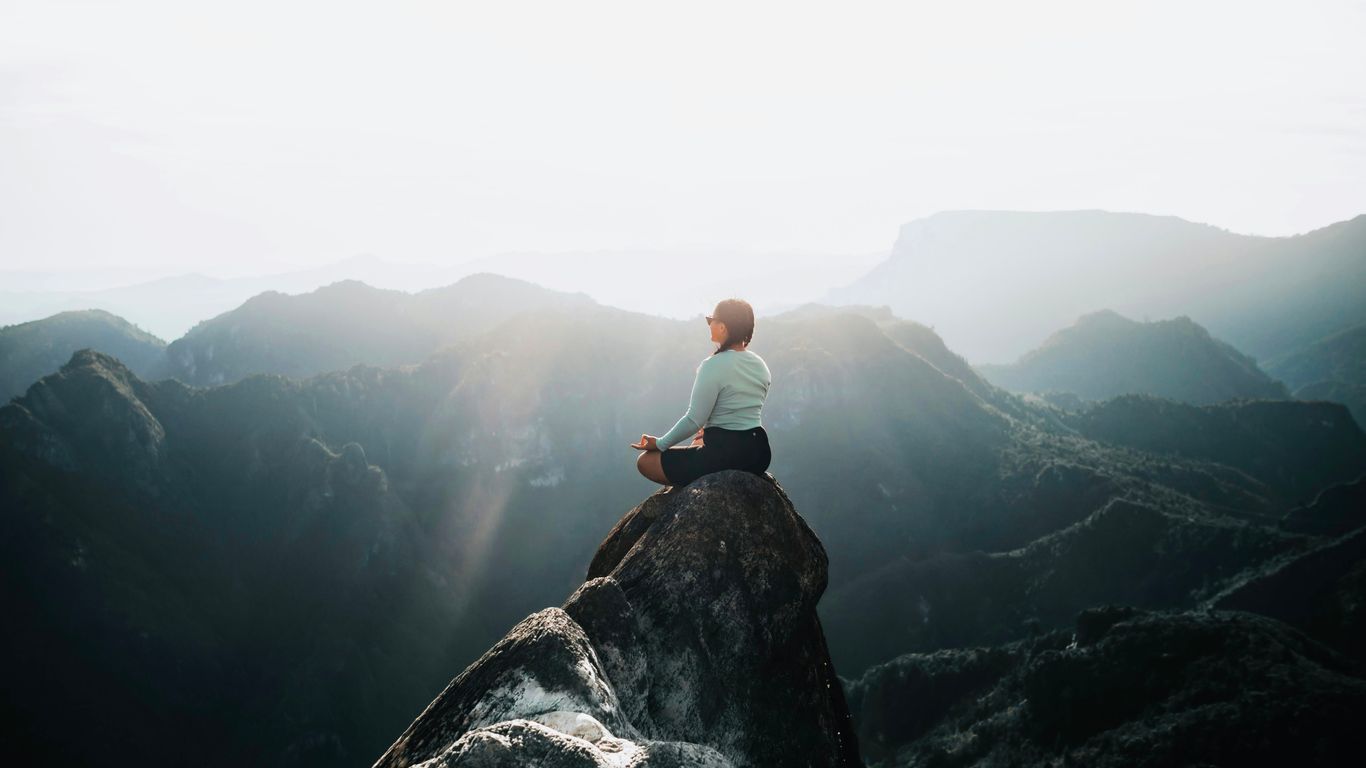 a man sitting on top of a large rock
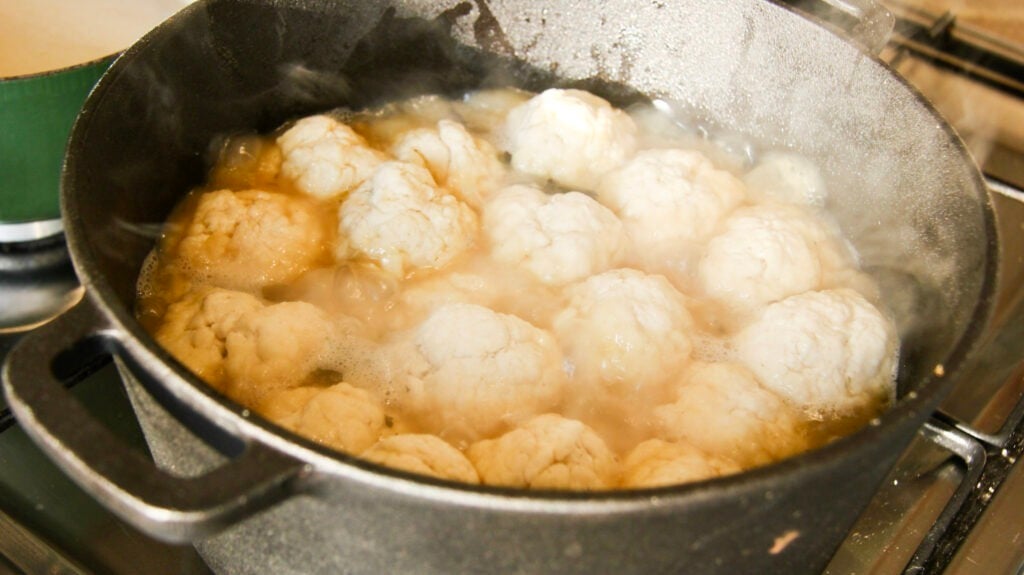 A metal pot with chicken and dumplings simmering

=-=-=-=-=

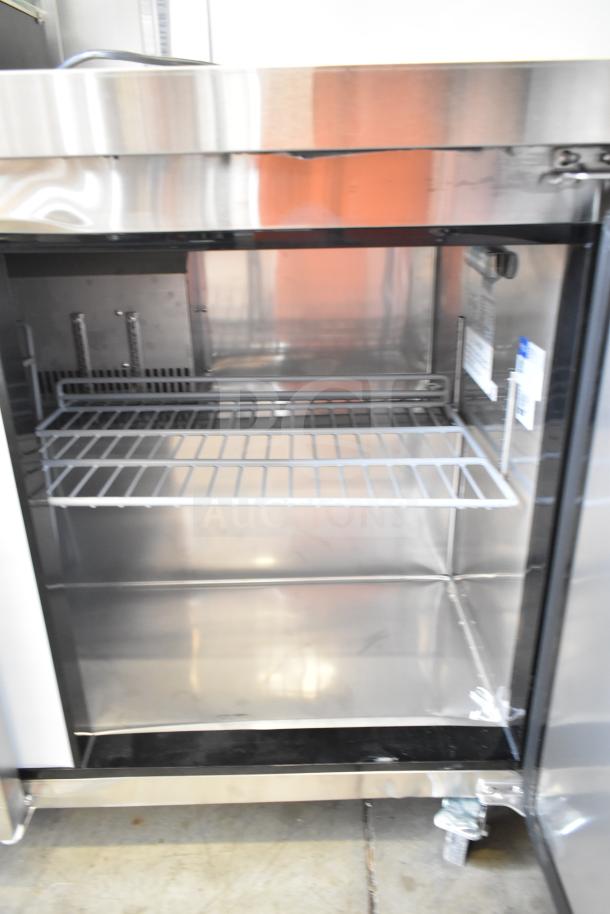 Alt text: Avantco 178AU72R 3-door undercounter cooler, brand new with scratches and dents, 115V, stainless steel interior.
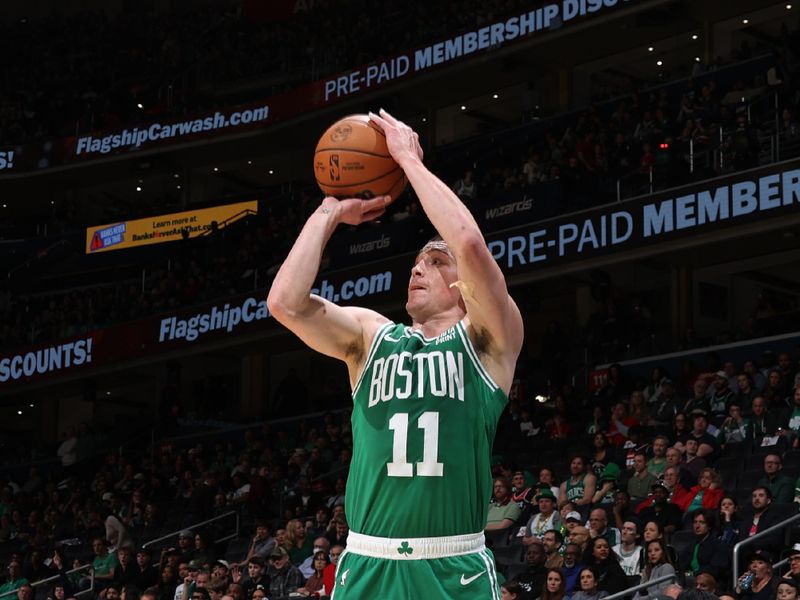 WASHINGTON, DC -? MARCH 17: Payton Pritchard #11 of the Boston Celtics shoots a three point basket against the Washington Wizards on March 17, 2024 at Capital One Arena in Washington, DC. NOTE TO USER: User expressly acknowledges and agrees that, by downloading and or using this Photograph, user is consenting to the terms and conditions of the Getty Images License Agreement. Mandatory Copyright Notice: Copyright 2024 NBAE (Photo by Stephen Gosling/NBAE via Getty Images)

=-=-=-=-=

In the listing above, find the line containing "a man sitting on top of a large rock" and the line containing "A metal pot", then return both of them and every line between, exactly, without pictures.

 a man sitting on top of a large rock
 A metal pot with chicken and dumplings simmering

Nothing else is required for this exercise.